The premise is fairly common for what I suppose one would classify as “contemporary fantasy” or “dark urban fantasy” or whatever—magical people of various sorts who secretly live among us. There is a Night Watch comprised of Light magical people who police the Dark magical people at night (vampires, witches, etc), and a Day Watch comprised of followers of the Dark that keep track of the Light ones during the day. The story centers around Anton, a not particularly powerful or talented member of Night Watch who finds himself caught in the middle of a struggled to recruit a young magic user to one side or the other. But there can’t be an all out conflict between the two groups because of a truce the two signed centuries ago. And this is where it gets interesting because according to the terms of the true, if a Light follower does something good, a follower of the Dark can do something equally bad to maintain the balance, and often times this results in nobody doing anything. So how do you convince someone to join the good guys, if every act of good they do can be met with an equal act of evil? It’s just so very Russian, and I enjoyed the grimy, stoic bitterness both side express about it.
Summer is a time for mellow, fun music and so I thought I’d recommend this recent indie rock release, Kiss Yr Frenemies by Illuminati Hotties.
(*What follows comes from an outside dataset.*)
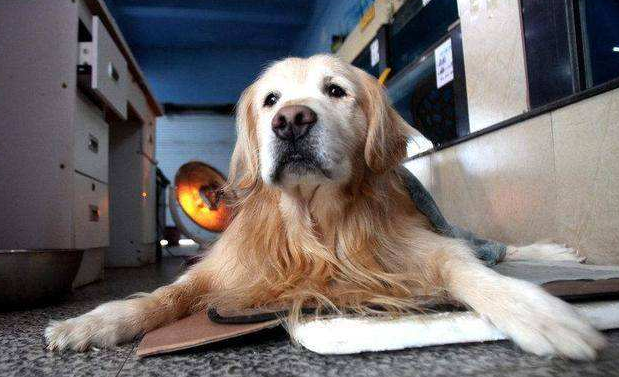 狗狗临死前会有哪些异常表现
It follows the same sort of jangly-yet-catchy fuzz guitars and snarky-yet-earnest lyrics as bands like Waxahatchee, Girlpool, and Diet Cig. Just a fun album to put on while you’re cruising along on a road trip this summer. Check out their Bandcamp page for a listen and a fun video of their single “(You’re Better) Than Ever”.
So my inaugural anime recommendation is an unappreciated gem called School Live!, based on the manga by Norimitsu Kaiho. The first episode begins with a seemingly normal school girl named Yuki Takeya going about her seemingly normal school day. Except for some reason, she lives at the school and she has a dog that follows her around, which no one else seems to notice except the fellow members of her afterschool school club called “School Living Club”, who also live at the school for some reason that is not explained. What’s more, those other members of the group often have odd reactions when Yuki tries to involve them in conversations with her other friends.
It isn’t until the very end of the first episode that you understand that everything until that point has been seen through Yuki’s delusional eyes. The school is not nice and clean, nor is it filled with happy students and teachers. A zombie plague has taken out most of the population of Japan, and School Living Club is a small group of survivors holed up in the otherwise abandoned school while zombies shamble around the playground and parking lot outside. All of the other students that Yuki has been talking to died horribly weeks ago. And so the story pivots hard from charming school comedy to horror survival in a single, breathtaking moment. I don’t mind spoiling that for you, because really it’s the hook for the show, and there are many more twists in later episodes that are even more upsetting.
Ultimately, unlike The Walking Dead, which is mostly a show about how awful situations make people awful, School-Live! tries to find the goodness that can be revealed in people during the worst that life can offer. It is not a show of unending horror. In fact, most of the time it remains sweet and charming. And that makes the horrific moments all the more impactful.
Well? How was that? It won't be anime every time. It might be comics, or video games, or something else entirely. But it felt good to get some of that down in cogent thought, and I hope it was at least a little intriguing. I'm pretty sure you can watch the show on most streaming platforms.